Today, only about a third of their budget is free for them to choose how to spend it. The other two-thirds are ring-fenced around national-interest, pet projects or aligned programs. The WHO can only use that money in certain ways, as specified by the states that give them the money. This adds to fragmentation, an inability to generate economies of scale, and a lack of joined-up, long-term thinking.
“I’m a firm believer that an ounce of prevention is worth a pound of cure. COVID-19 is going to cost us trillions of dollars, but it didn’t need to.”
C: The approach of nation states to global health is often characterized as one of securitization, focusing on containment and surveillance. Do we need to do more in respect to prevention and strengthening health systems?
GWB: I’m a firm believer that an ounce of prevention is worth a pound of cure. COVID-19 is going to cost us trillions of dollars, but it didn’t need to. It would cost an absolute miniscule fraction of that to get a fit-for-purpose institution at global level and to strengthen health systems in countries where these threats usually originate. It’s not a surprise that Ebola started in West Africa with their weakened health systems. Even wealthy countries suffer from a lack of comprehensive and preventative medicine, while ignoring upstream social determinants of health. SARS and now COVID-19 originated in China. This is not a poor health system and they should have been able to respond to this. The fact that they did not respond appropriately shows that the Chinese health system also needs to be more comprehensive than it is. Furthermore, it demonstrates how contextual factors like politics and non-epidemiological economic considerations can greatly influence health outcomes. Culture also plays a huge role. Popular food markets known to foster zoonotic diseases should not be allowed to continue to operate in the way they do. That is a basic sanitation and epidemiological no-brainer that should have been addressed after SARS.

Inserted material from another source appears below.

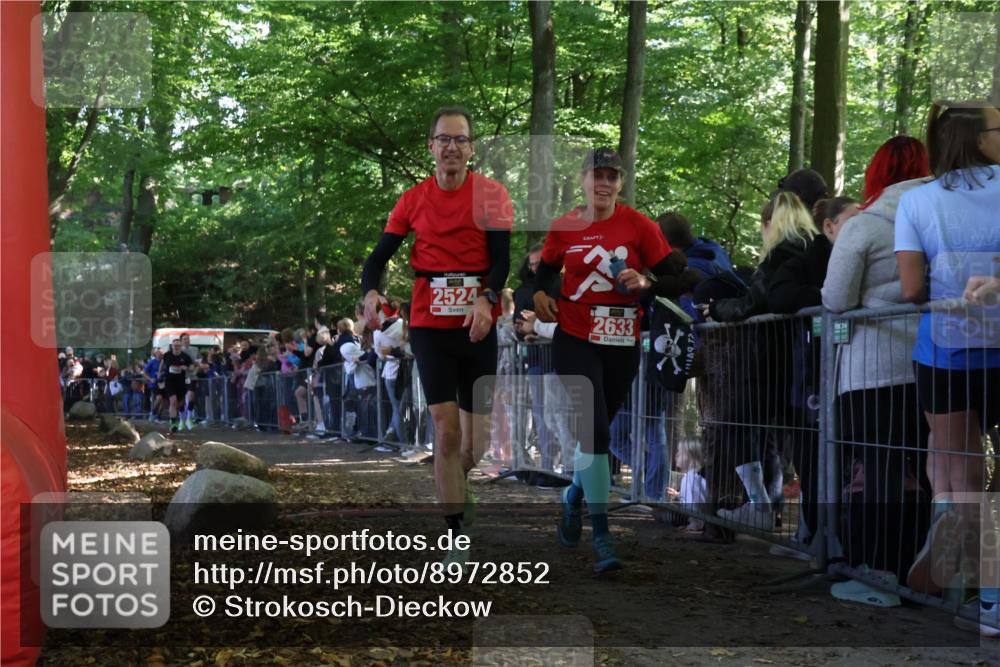 28.09.2025 - 33. Volkslauf durch das schöne Alstertal Strokosch-Dieckow http://msf.ph/oto/8972852 28.09.2025 12:06:05 Ziel 1650, 2014, 2041, 2524, 2633 meine-sportfotos.de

In summary, my position is that proper disease control requires strengthened health systems, a rethink of the IHRs, proper monitoring and compliance systems, quick response to emerging pathogens, and total isolation at the smallest level possible before spread, while supporting the global common good of public health. These are small investments when you compare it to the expenses and costs caused by COVID-19. We knew this was going to come. Coronavirus is not a new pathogen: it’s been around for a long time, even if not in this form. Health professionals have been warning seriously about the threat of the next big pandemic for the last hundred years.
“To suggest that we’re going to get a vaccine for COVID-19 quickly – it may or may not happen – is a really naive way of thinking about how to prepare for a pandemic. […] There is still a very 1950s’ view that science will save us – much like a religion.”
C: Do we need a more holistic approach to global health? Many people don’t seem aware of the importance of social and environmental factors, particularly in the case of infectious diseases.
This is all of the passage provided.